** Opening INFORMATION PROVIDED block **

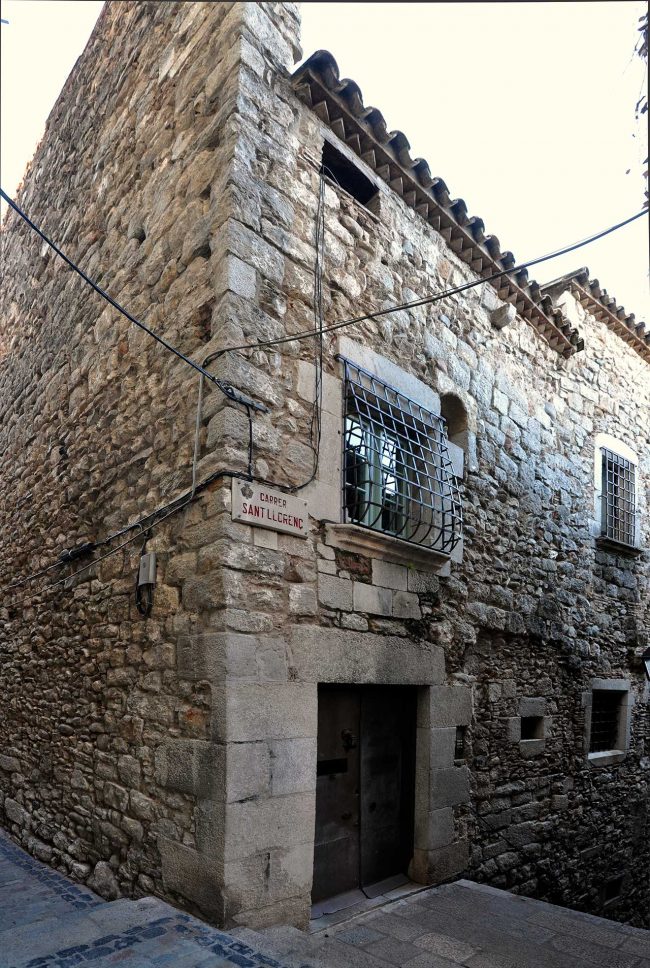 Girona.- Casa Colls/Labayen, S. XII/XIV/XX d'estils romànic i gòtic articulada al voltant d'un pati. La porta es rectangular de llinda recta (3/2014)
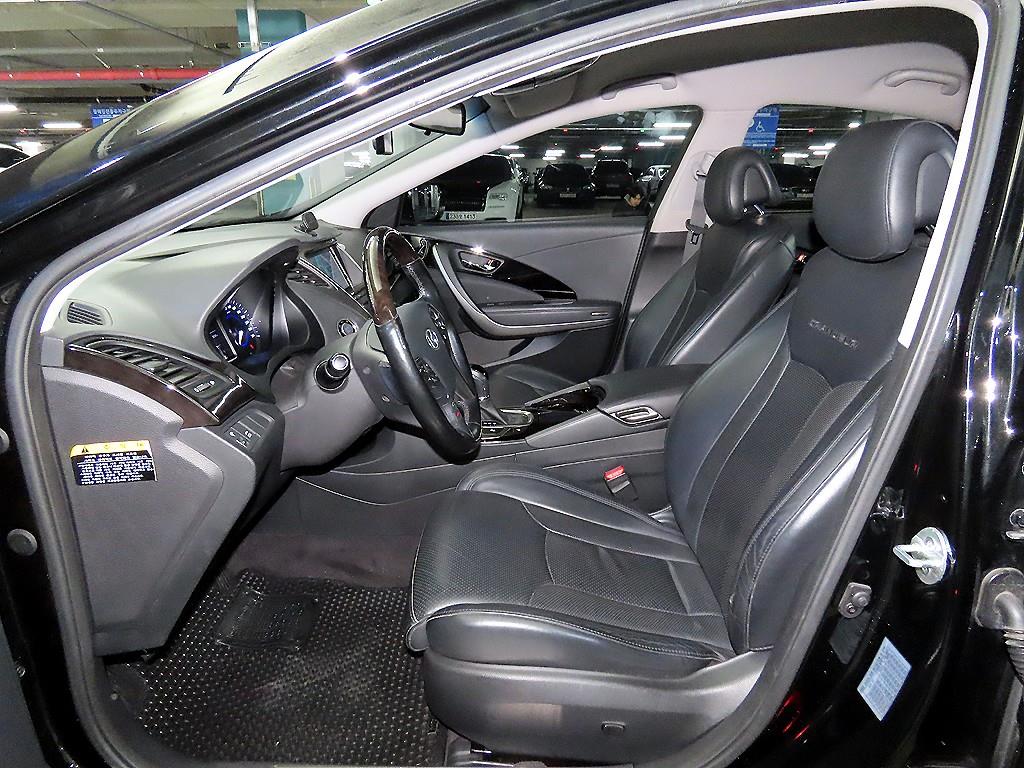 HYUNDAI Grandeur - Vista 6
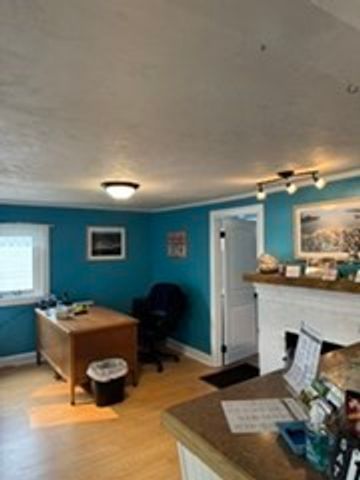 169 Swifts Beach, Wareham, MA 02571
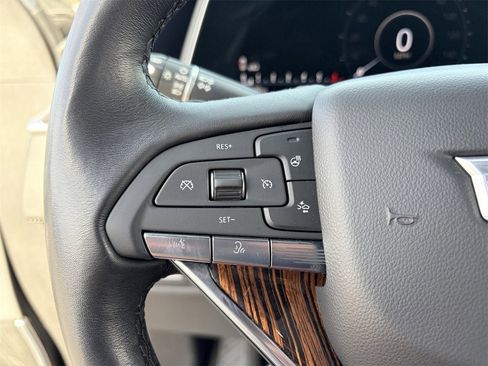 Used 2021 Cadillac Escalade Premium Luxury w/ Driver Assist Tech Package image 21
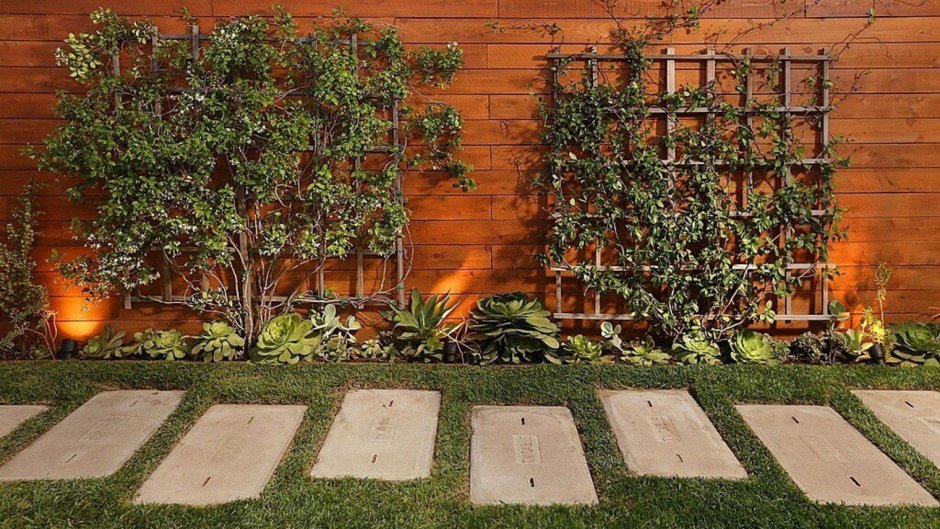 Украшение забора на даче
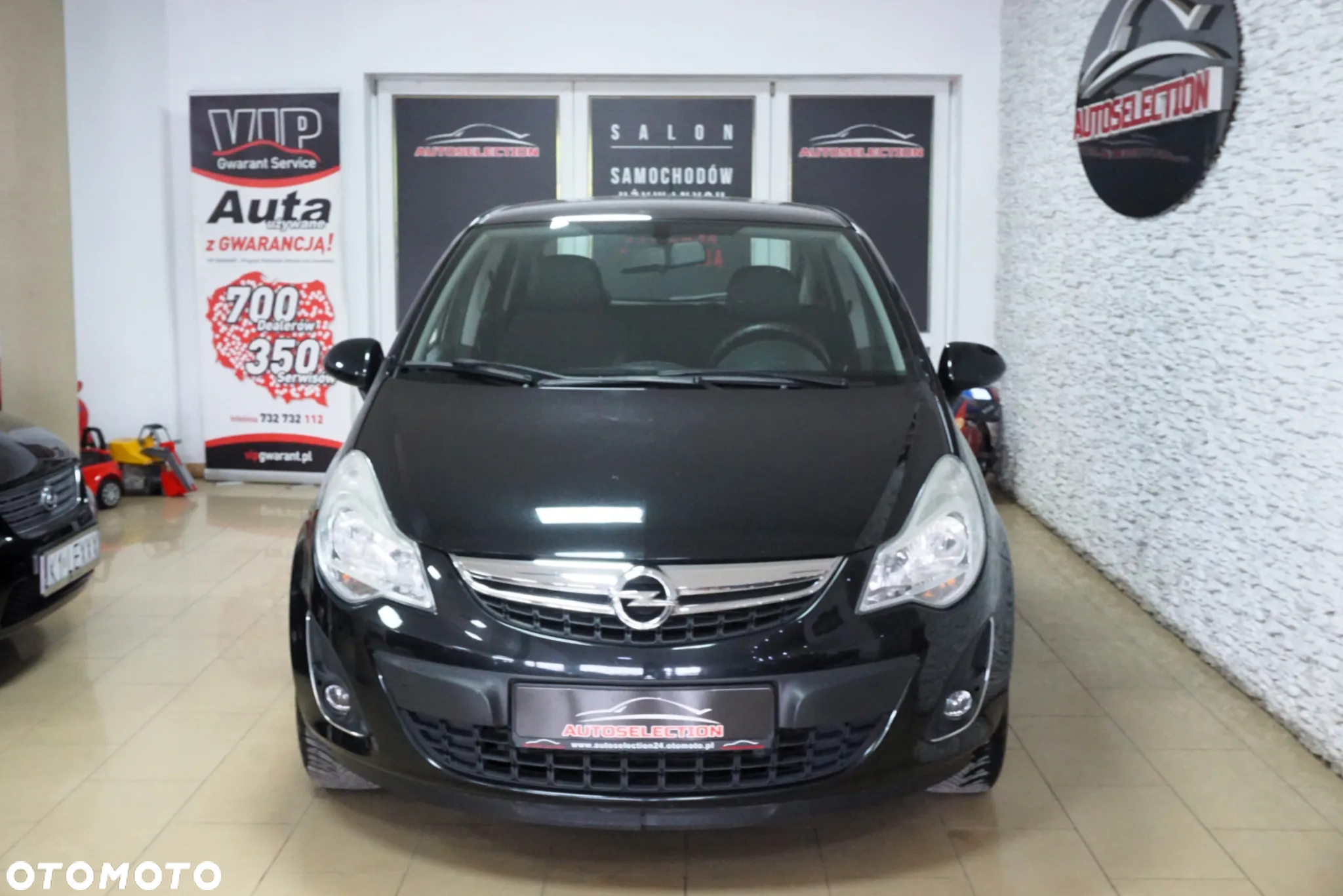 Opel Corsa 1.2 16V Cosmo S&S - 2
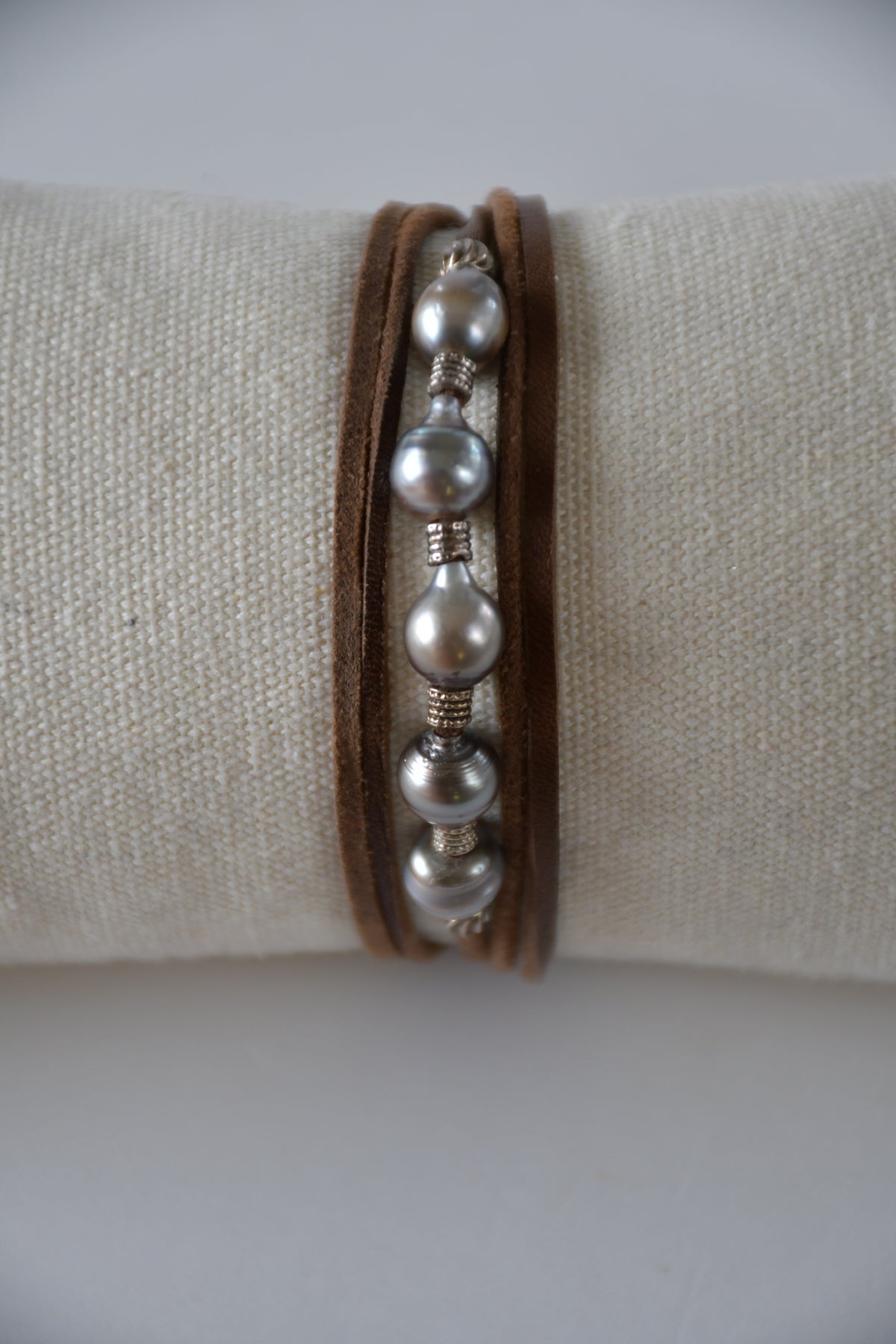 Collier Perles de Tahiti sur cordon de cuir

** Closing INFORMATION PROVIDED block **

PROBLEM TO SOLVE >> Start with the line holding "Украшение забора на даче" and repeat exactly every line through the final line of the records above, but no pictures and nothing more.

WRITTEN ANSWER >>
 Украшение забора на даче
 Opel Corsa 1.2 16V Cosmo S&S - 2
 Collier Perles de Tahiti sur cordon de cuir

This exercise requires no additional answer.